Wetherington is jubilant about breaking the $100-million mark and about his selection as one of the three best American builders in 2004 by Builder magazine. The honor is based largely on profitability-his company's net profit margin is in the top one percent in the nation, he says-as well as design and construction, customer service, marketing and community involvement. "It's the highest honor you can receive in our industry," he says.

Last year was a good year all around for Wetherington. He sold a record 303 homes (Wetherington has built more than 2,000 homes in the area since 1981) and has become the largest maintenance-free builder in the two-county area. And his company of 81 employees is doing more than building homes. It's developing Willowbend, a maintainance-free community of 275 homesites and 100 eco-friendly homes next to Oscar Scherer State Park, and this fall will break ground on a Laurel Road project with 148 maintained villas. Wetherington also started a pool company-LeeSure Water Pools-and an in-house design center to help home buyers customize their new Wetherington homes.

Wetherington, who donates about 10 percent of his corporate net earnings to charities every year, also made news last year with his philanthropy. He won Builder Magazine's Hearthstone Award for a lifetime of philanthropy, then distributed the $150,000 award to the Boys & Girls Clubs in Sarasota and Manatee counties. Just last fall, in honor of his longtime support, the new Fruitville Boys & Girls Club was renamed The Lee Wetherington Boys & Girls Club at a groundbreaking ceremony where an emotional Wetherington struggled to speak. The Southwest Florida chapter of the Association of Fundraising Professionals also recognized him last year, naming him the corporate philanthropist of 2003 for building the Reading Garden at Fruitville Public Library. Wetherington also started the Lee Wetherington Foundation in the Community Foundation of Sarasota County last year with a $1 million gift. He plans to contribute approximately $1 million each year. He donated another $100,000 to the Community Foundation for college scholarships to needy young people; so far, six local high school graduates have received money.
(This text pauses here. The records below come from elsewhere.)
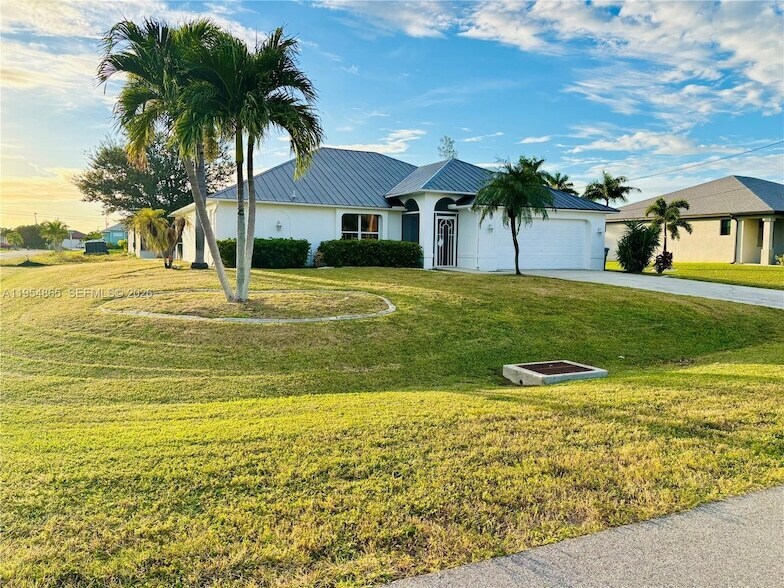 142 SW 34th Pl in Cape Coral, FL - Foto de edificio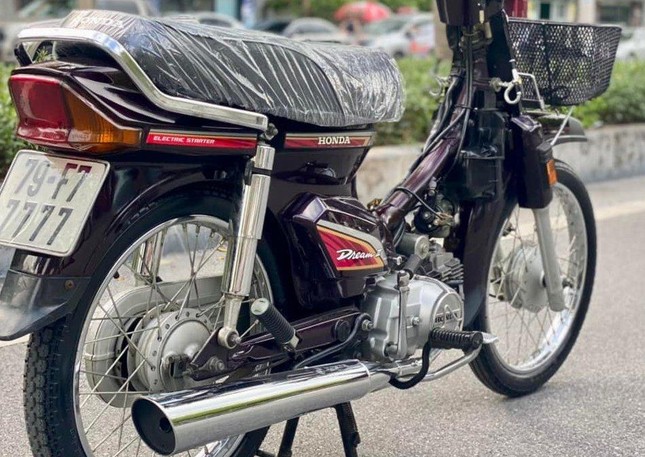Honda Dream đời 2000 biển số tứ quý rao bán 170 triệu đồng ảnh 5
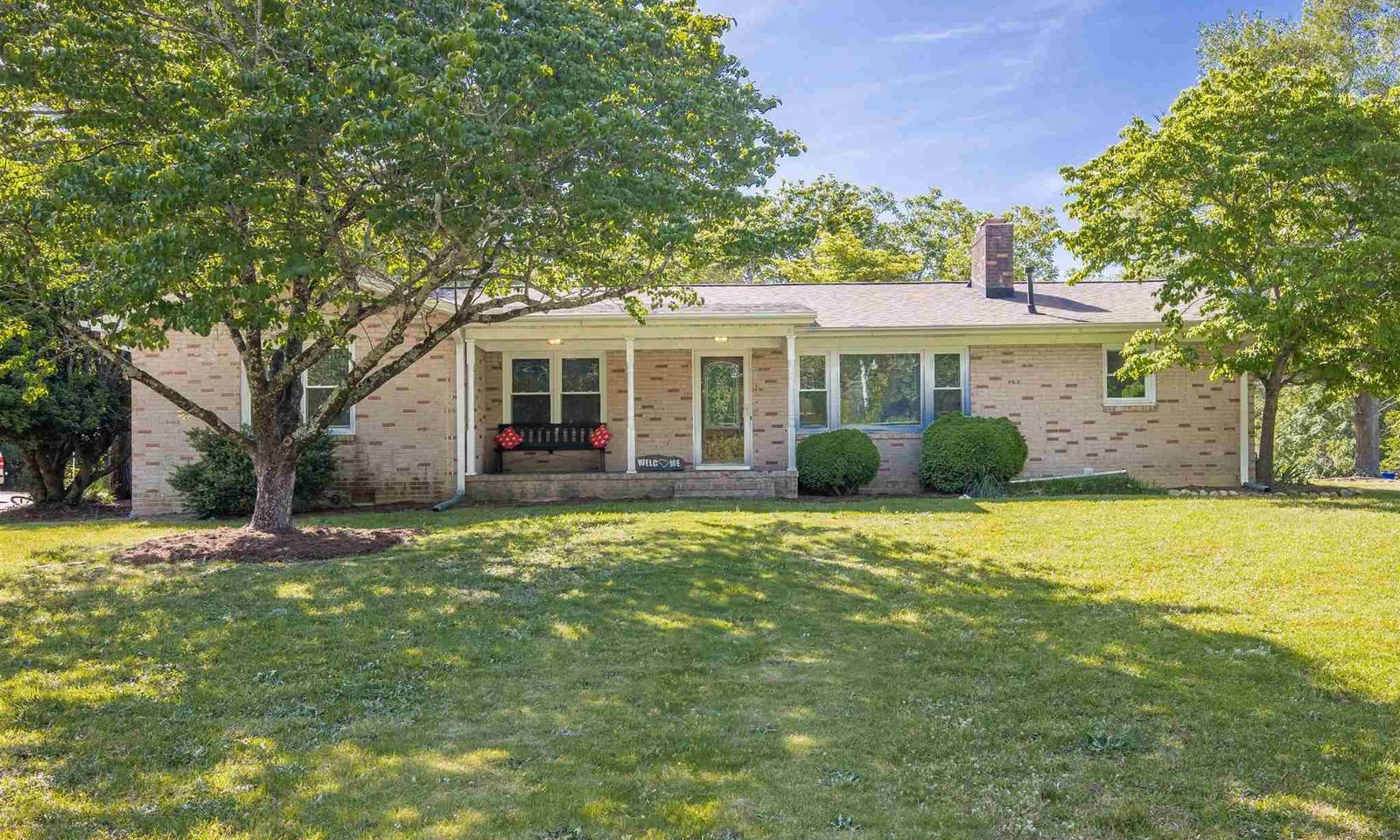 Property image 2 at 3 Chasta Avenue, Greenville, SC 29615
He's come a long way. Wetherington was born in Jacksonville in 1947 to a father who worked hard-"a jack of all trades"- but never could make ends meet. He barely knew his mother. He lived with her for the first year and a half of his life, and then, when she and his father divorced, he and his father lived in one room in a rooming house for a few years and then moved in with his grandmother. When Wetherington was 12, his father married a woman who had two younger sons of her own. Gus and his new wife had two more boys after they married, one of whom, John, had cerebral palsy. (John died last year at age 42.)

Wetherington says John's cerebral palsy opened his eyes to the burden poor families must bear when there's an invalid in the house. "My mother and father were working and someone had to take care of him," he says, "and it was usually left up to me as the oldest boy."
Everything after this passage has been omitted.